[Brief descriptive captions]
⟨
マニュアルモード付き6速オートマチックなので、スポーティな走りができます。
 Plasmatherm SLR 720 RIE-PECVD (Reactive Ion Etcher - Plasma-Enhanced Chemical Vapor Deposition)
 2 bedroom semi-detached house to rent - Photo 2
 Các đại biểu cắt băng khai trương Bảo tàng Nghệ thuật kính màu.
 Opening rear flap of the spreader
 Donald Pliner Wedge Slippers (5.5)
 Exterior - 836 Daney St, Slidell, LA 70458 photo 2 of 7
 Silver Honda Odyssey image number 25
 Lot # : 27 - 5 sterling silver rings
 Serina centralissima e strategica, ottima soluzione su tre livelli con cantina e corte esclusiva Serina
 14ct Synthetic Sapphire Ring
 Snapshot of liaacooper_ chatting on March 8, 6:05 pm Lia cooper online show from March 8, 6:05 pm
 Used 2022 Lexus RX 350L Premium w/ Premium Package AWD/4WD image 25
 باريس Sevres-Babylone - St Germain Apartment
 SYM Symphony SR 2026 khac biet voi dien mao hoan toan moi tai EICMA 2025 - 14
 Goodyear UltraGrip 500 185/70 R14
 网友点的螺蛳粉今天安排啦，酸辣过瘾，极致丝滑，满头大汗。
⟩
▶ _WHAT IS REQUIRED_
The required answer is each line of the data in which the word "image" appears.

▶ _THE ANSWER_
 Silver Honda Odyssey image number 25
 Used 2022 Lexus RX 350L Premium w/ Premium Package AWD/4WD image 25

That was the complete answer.